Validov was the author of more than 400 scholarly works in Turkish and German on the history of the Turkic peoples. Despite his early exile, in Soviet Russia the term validovshchina (“Validovism”) was coined to denote the allegedly reactionary force of Bashkir nationalism in the Stalinist period, but since the collapse of the USSR, his name has been posthumously rehabilitated in his homeland, where he is now recognized as the father of the new Republic of Bashkortostan.
Vandam (Edrikhin), Aleksei Efimovich (17 March 1867–16 September 1933). Colonel (15 June 1915), major general (22 June 1917). One of the leading figures in the White movement in northwest Russia, A. E. Vandam was born into a military family in Moscow guberniia and was a graduate of the Vil′na Military School (1888) and the Academy of the General Staff (1899). In 1899, he traveled to South Africa, serving as a volunteer there, with the Boers, in their war with Britain. Then, from 1903 to 1906, he served as a military attaché in China, before returning to Russia to take up a number of postings as a staff officer.
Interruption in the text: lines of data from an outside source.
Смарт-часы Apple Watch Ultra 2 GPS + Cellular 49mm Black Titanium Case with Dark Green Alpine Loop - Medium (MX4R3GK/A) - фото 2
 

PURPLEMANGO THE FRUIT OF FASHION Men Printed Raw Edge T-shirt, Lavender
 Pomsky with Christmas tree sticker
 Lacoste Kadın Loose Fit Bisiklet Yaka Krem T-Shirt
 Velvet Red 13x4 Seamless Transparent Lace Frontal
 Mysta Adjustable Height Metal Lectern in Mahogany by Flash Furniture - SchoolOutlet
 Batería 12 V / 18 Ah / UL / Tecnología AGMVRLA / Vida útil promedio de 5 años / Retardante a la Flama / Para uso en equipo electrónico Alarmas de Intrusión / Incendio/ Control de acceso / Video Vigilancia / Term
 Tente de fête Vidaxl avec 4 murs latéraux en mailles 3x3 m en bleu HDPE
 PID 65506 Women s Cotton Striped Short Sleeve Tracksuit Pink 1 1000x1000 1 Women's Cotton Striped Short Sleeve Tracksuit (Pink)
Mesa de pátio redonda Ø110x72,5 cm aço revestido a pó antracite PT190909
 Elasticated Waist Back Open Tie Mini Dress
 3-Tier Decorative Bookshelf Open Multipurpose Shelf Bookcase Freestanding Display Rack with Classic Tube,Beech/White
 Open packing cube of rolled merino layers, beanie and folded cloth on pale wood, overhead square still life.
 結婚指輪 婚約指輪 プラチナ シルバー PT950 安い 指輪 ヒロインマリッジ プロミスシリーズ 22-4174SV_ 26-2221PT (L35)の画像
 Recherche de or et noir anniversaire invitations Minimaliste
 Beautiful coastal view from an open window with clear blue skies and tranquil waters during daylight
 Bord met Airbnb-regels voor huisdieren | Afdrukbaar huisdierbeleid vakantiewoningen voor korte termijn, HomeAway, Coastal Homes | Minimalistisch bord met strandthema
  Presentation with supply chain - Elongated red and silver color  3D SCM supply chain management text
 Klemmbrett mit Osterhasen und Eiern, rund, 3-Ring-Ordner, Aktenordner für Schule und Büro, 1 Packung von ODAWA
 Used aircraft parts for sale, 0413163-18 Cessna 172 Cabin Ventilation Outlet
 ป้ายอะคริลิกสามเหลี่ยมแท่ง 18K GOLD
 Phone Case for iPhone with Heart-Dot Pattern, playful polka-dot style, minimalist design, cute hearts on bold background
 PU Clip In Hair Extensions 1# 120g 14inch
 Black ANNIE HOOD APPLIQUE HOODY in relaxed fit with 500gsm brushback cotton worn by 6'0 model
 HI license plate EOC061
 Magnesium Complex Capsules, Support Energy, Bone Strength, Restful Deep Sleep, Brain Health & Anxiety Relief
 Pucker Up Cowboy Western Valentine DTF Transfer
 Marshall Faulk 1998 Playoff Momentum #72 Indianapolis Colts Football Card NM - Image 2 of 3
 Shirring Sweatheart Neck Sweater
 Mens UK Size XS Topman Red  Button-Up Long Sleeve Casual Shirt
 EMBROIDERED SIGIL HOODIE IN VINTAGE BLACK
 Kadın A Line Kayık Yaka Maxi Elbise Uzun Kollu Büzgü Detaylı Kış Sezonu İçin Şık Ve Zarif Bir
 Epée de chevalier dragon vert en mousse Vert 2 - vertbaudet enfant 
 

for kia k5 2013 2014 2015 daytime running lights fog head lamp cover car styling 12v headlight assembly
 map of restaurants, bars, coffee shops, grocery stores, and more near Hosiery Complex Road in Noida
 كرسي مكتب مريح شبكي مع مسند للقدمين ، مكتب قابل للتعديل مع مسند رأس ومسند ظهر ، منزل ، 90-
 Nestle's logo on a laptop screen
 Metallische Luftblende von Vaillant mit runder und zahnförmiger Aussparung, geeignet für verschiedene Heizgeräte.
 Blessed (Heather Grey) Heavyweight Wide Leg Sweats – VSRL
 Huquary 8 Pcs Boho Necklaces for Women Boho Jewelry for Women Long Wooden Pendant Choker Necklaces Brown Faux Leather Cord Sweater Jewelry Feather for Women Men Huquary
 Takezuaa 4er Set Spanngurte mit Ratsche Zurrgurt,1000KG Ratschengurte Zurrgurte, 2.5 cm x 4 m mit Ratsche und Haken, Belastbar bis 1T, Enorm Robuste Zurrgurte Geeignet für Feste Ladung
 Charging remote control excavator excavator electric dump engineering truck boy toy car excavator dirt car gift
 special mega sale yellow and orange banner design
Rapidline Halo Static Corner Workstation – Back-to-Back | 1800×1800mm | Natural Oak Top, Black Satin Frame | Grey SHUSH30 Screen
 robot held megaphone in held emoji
During this period he also wrote the first of his many works on geopolitics and military affairs. In the First World War, he commanded the 92nd Pechorsk Rifle Regiment (from 16 August 1915) and was chief of staff of the 23rd Infantry Division (from 14 November 1916) before transferring to the staff of the main commander in chief of the Russian Army, on 27 September 1917.